The premise: that the drooling masses who make up this paper's readership will recognize a voter registration form if the paper is literally wrapped in one and, further, that they will have the capacity to fill out said voter registration form. I know Mr. Keck means well with this project, but I am going to have to inform him, during our next steam bath, about a recent Stranger focus group I conducted. It was at a wretched, unspeakable place called The Eagle, to which Mr. Savage referred me when I inquired where his audience congregates. Of the 19 men I quizzed, only one passed the basic literacy test I provided—the reading aloud of one page of Adam Smith's remarkable treatise The Wealth of Nations. Sixteen of the other gentlemen—and I use the term loosely—refused to take the test, deploying the gutter language of the illiterate. Two others kept insisting that I visit the lavatory with them, until finally I fled the premises. All of which scientifically proves (are you taking notes, Mr. Golob?) that the voter registration form is highly unlikely to find an audience capable of comprehending, much less utilizing, it.
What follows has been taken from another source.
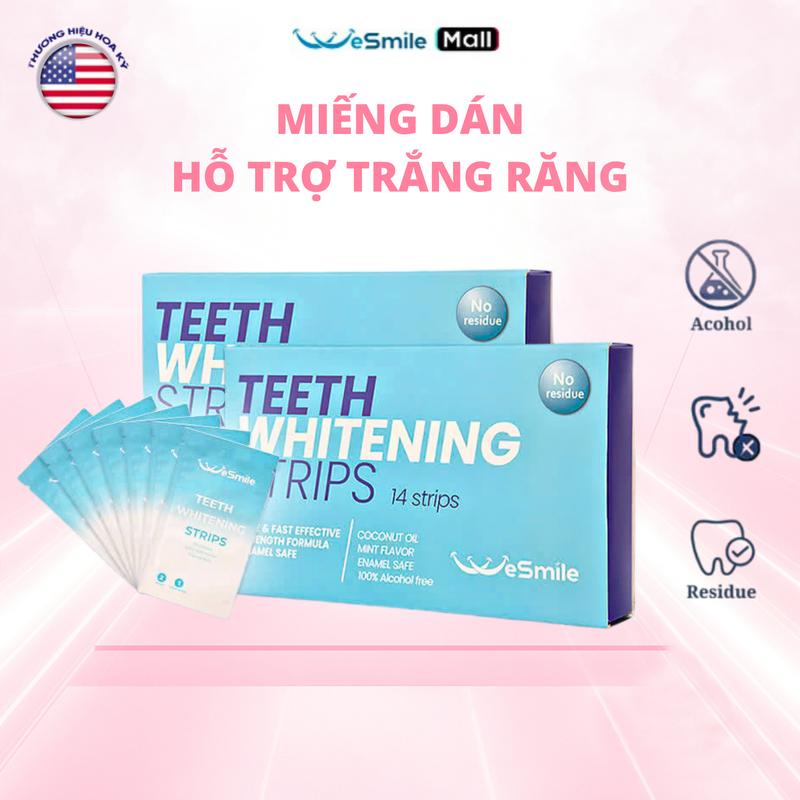 GIÁ HỜI Miếng dán trắng răng cao cấp WeSmile thành phần an toàn tự nhiên không gây ê buốt không bào mòn men răng - W1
Speaking of comprehension problems, The Stranger has apparently decided it would be a good idea to publish restaurant reviews written by its group of rabid online fanatics, which recent government wiretapping has concluded is one lone homosexual man who dwells in his parents' basement and has nothing better to do than write reviews under a variety of pseudonyms. Unsurprisingly, most of the soi-disant reviews are devoted to bar fights, "hot girls," and whipped cream.

Elsewhere, SEAN NELSON makes a disastrous return to the film section he destroyed in the early aught-aughts, and ERICA C. BARNETT attempts to defame my good friend Dino Rossi. Ms. Barnett, who is clearly a hyperliberal shill for "Casino Chris," will sorely regret writing this feature when Governor Rossi is sworn in next year and the Great State of Washington begins its inevitable glorious ascent to conservatism. That will be a happy day indeed at the Steen manse. I may even treat myself to a sip or two of champagne to celebrate.